When You Love the Person That Hurts You

Sometimes we fall in love with the wrong person, but that ‘wrong’ person prepares us for the right one. - Unknown

It sounds impossible. To love the one who hurts you. To those who have been there it will make perfect sense. It is a moment in life when you realize you are there, and it hurts you to even think about it. How can I still love them? They have caused me so much pain. They may have brought you to your breaking point. But when they smile at you and are so sweet again, you remember the reason you fell in love with them. You see it all over again and the feeling comes swooping back in. The trauma bond may be in effect. But then again, maybe not. All you know is that you don’t want to be here, feeling emotionally attached to this person. 

You remember the things they did. The hurts they caused. Yet they come around apologizing and looking for your love language making it so hard for you to stay mad. If you are in a moment like this, where you wish you didn’t love them. You wish you could rip out these feelings you hate are there. If so please place your hand on your chest, close your eyes, take a deep breath and know that you are not alone. You are not crazy. You are not weak. However, you can take some steps to help you deal with this if the relationship is over and done.

Distance yourself from them as much as possible. It’s hard to move past someone when you are constantly speaking and doing things together. The space helps you recollect yourself, process what is going on and give things a chance to fade away. In the same way you would avoid a huge pothole, avoid the hurt you know will be coming.

Don’t try to inquire into their lives. It’s not your business. You don’t need to see how they are doing. There’s no reason for you to be friends. If a child is involved, separate your feelings and focus only on the child. Looking into something is equal to investing your feelings into it.

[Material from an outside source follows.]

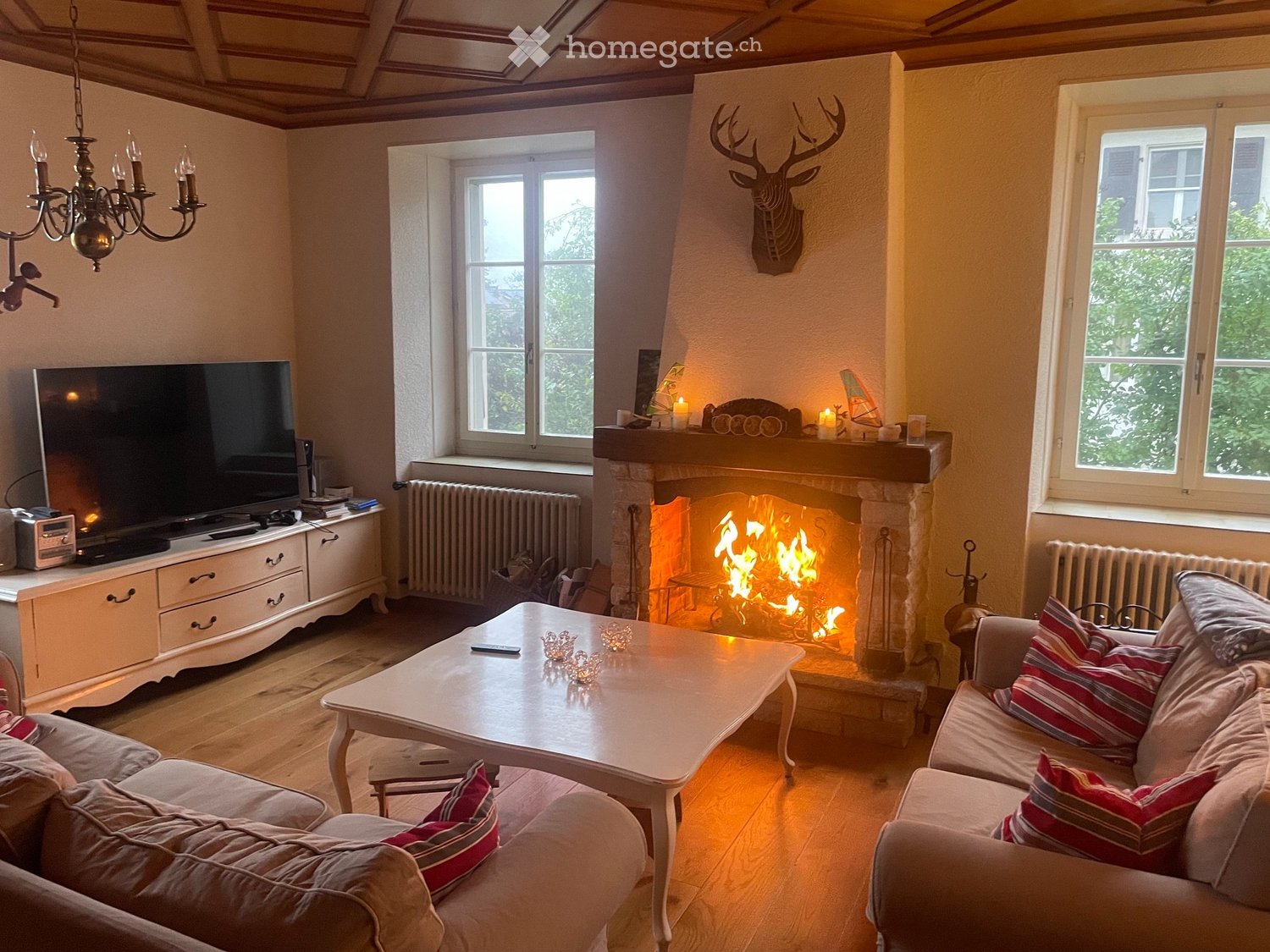 Appartamento di 3 ½ locali
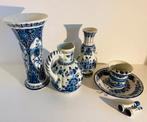 Porcelaine de Delft, Antiek en Kunst, Ophalen of Verzenden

Stay away from their social media, their social circles, and don’t check into their livelihood in any way.

Bring a new focus into your life. A hobby perhaps or a dream you’ve always wanted to fulfill. There is also the option of things that were neglected due to them taking up all of your time and energy. Now you can go back to those things. A new focus helps to take your mind off of them and leads to a new passion popping up. It will get you excited in a new way and could lead to amazing possibilities.

Pour more love into yourself, family and friends. You have so much love to give. That makes you an amazing human being. Someone took advantage of this love which caused you pain. When our child hurts themselves we care, we nurture and nurse back to health. You need the same thing too. Treat yourself. Love yourself. Go easy on yourself. This is not the time to reprimand yourself for your decisions. Not now or ever! 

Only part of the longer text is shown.